I have a large dataset (~300GB) and access to a machine which can fit it into RAM (but not multiple times). I need to access sections of this dataset, perform calculations on them and then write the results to a file. My idea was to set up a database using SQLite3 to store the data and then query this database to read out the sections of data.
I have done this using Ray to set up a process (hereafter DB process) which can query the database and return the (few) results. The other (31) processes send their requests do the DB process, get the results, do the calculations and, once they have done all their work, write out to a file.

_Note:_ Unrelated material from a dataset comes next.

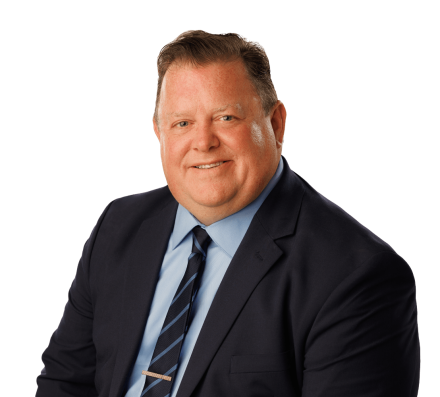 Photo of Glenn M. Johnston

Here is an example snippet of code:
import sqlite3
import ray
import numpy as np
@ray.remote(num_cpus=2, max_concurrency=1)
class DatabaseHandler:
def __init__(self):
self.con = sqlite3.connect('../Data/databse.db')
def query(self, value1, value2):
cur = self.con.cursor()
cur.execute(
f"""
SELECT col1, col2
FROM test
WHERE
col1 BETWEEN {value1 - value2} AND {value1 + value2}
"""
)
rows = np.array(cur.fetchall())
return rows
def close(self):
self.con.close()
@ray.remote(num_cpus=0.1)
def worker(db):
num_values = 1000
# Dummy values
value1s = np.random.uniform(size=num_values)
value2s = np.random.uniform(size=num_values)
for i in range(num_values):
query = db.query.remote(value1s[i], value2s[i])
rows = ray.get(query)
if len(rows):
# Do some calculation
# Append result to results list
# Write out to file
db_handler = DatabaseHandler.remote()
workers = []
for _ in range(31):
workers.append(worker.remote(db_handler))
ray.get(workers)
ray.get(db_handler.close.remote())
This works fairly well, but the running time of my code is still dominated by querying the database (which has an index on col1
). What I would like to do is use multiple threads to query the database, but my attempts at this (e.g. setting the class wrapper to be @ray.remote(num_cpus=2, max_concurrency=2)
and the sqlite3.connect
to have check_same_thread=False
) have slowed the runtime down. It's possible I'm supposed to do something to set the memory cache to be shared, but I've not managed this successfully.
I have limited experience with sqlite3, so please be explicit with any suggestions you may have. Any suggestions of alternate solutions/approaches are also very welcome.